▶ _The data_:
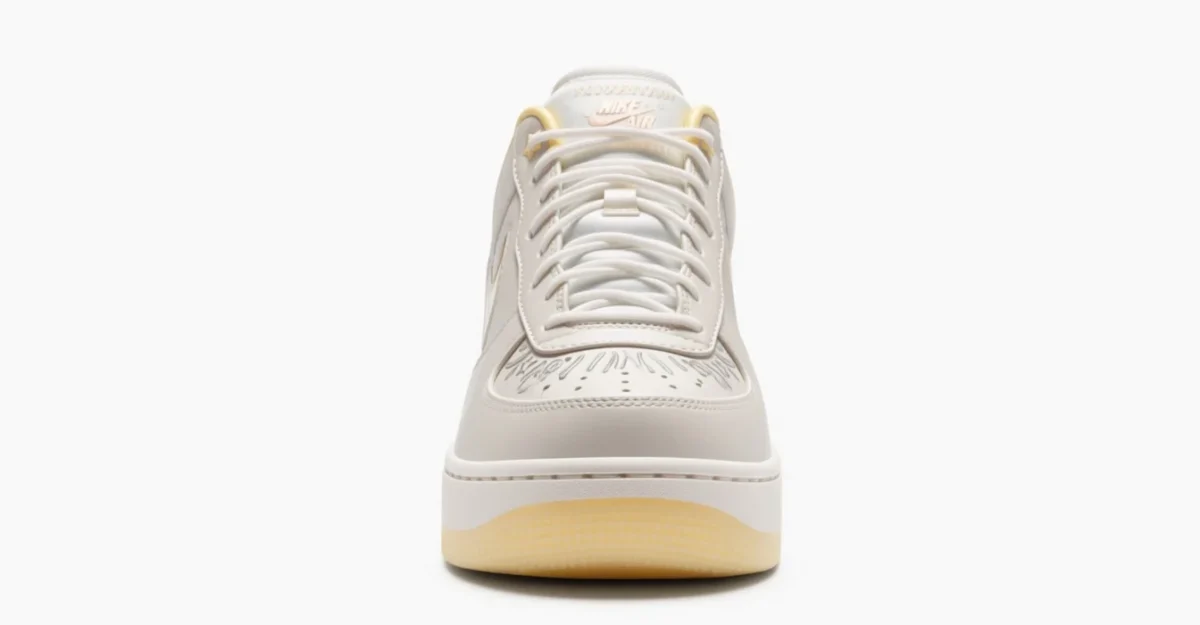 Nike umple noul Air Force 1 cu nisip real in logo-ul Swoosh pentru vara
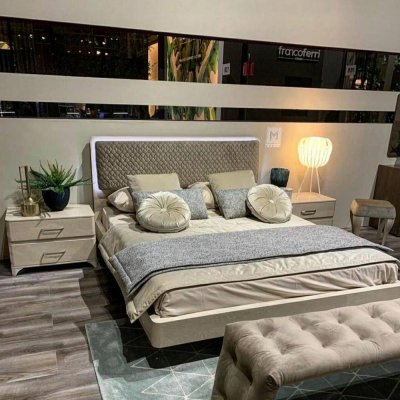 Μοντέρνο Ιταλικό κρεβάτι με φωτισμό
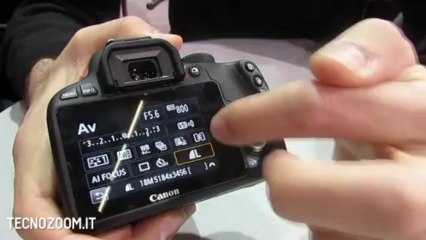 Canon EOS 100D reflex più piccola al mondo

▶ _Task item_:
When you restate the listing, keep every word as it is and drop the pictures.

▶ _Solution for this task_:
 Nike umple noul Air Force 1 cu nisip real in logo-ul Swoosh pentru vara
 Μοντέρνο Ιταλικό κρεβάτι με φωτισμό
 Canon EOS 100D reflex più piccola al mondo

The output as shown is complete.